Value of combined adjuvant chemotherapy and radiation on survival for stage III uterine cancer

is less radiation equal to more?

Chiachien Jake Wang, Alana Christie, Michael R Folkert, Xian-Jin Xie, Kevin Albuquerque

Research output: Contribution to journalArticle

1 Citation (Scopus)

Abstract

OBJECTIVE: Locally advanced endometrioid adenocarcinoma (LA-EAC) accounts for the majority of deaths for this cancer, yet there is no consensus on adjuvant treatment after surgery. Past studies suggest that combined modality treatment (CMT) may improve outcomes over treatment with chemotherapy (CT) or radiation therapy (RT, either external beam radiotherapy [EBRT] or vaginal brachytherapy [VBT]) alone.

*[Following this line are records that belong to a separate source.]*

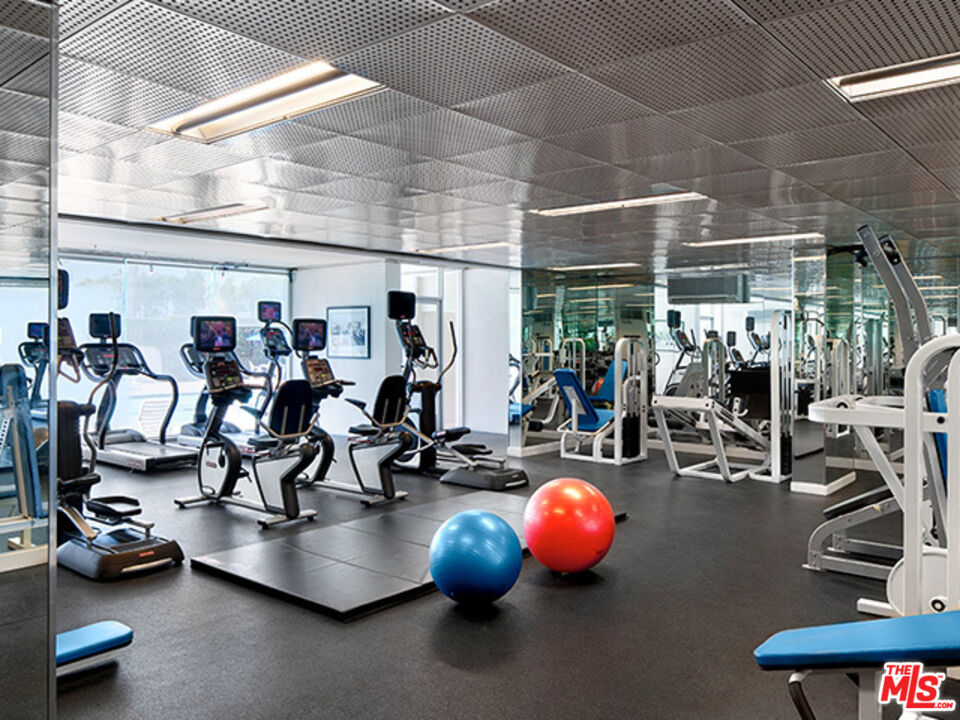2700 Neilson Way, Unit 435 Santa Monica, CA 90405 - Photo 15 of 28 a view of a room with gym equipment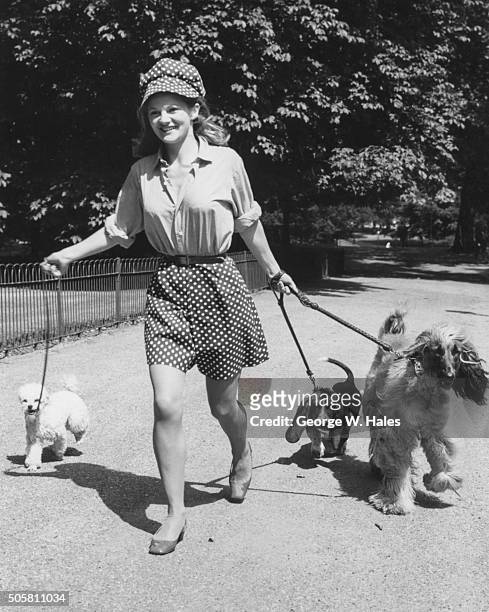 Actress Anna Palk smiling as she walks her three pet dogs in Hyde Park, London, July 20th 1967.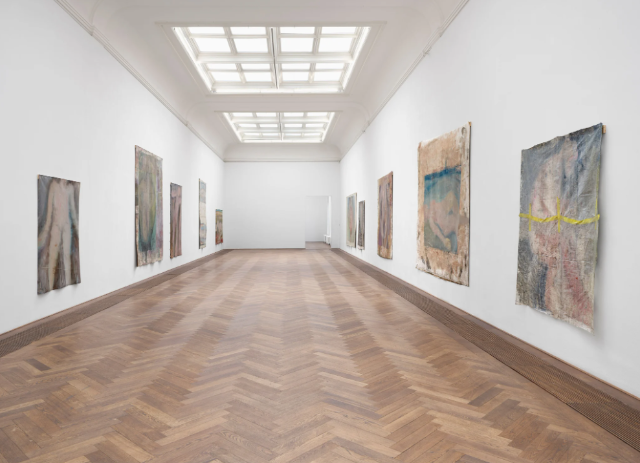Ansicht des Ausstellungsraum. Links und rechts sind grossformatige Bilder nackter Körper.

Using a large US-based population-based registry, we evaluated adjuvant CMT in LA-EAC and the relative benefit of regional EBRT compared to focused VBT. METHODS: We studied patients diagnosed with Stage III LA-EAC between 2004 and 2013 from the National Cancer Data Base (NCDB). We used Cox regression and a log-rank test to assess survival based on treatment with CT alone, EBRT alone, VBT alone, or CMT with EBRT and/or VBT. We used a χ² test to compare covariates between patients receiving CMT with EBRT or VBT. RESULTS: Patients who received CMT had better survival than those who received CT or EBRT/VBT alone. Compared to CMT with VBT, patients who received CMT with EBRT were slightly older and had more advanced-stage or positive nodes, and fewer had lymph node surgery. We found no survival difference between CMT with EBRT and CMT with VBT even when categorizing patients as high or low risk according to age, grade, and stage (low-risk p=0.3460; high-risk p=0.2158). CONCLUSION: CMT was associated with superior survival outcomes compared to monotherapy. We observed no survival difference between radiation modalities in CMT, which highlights the effectiveness of a more focused treatment like brachytherapy.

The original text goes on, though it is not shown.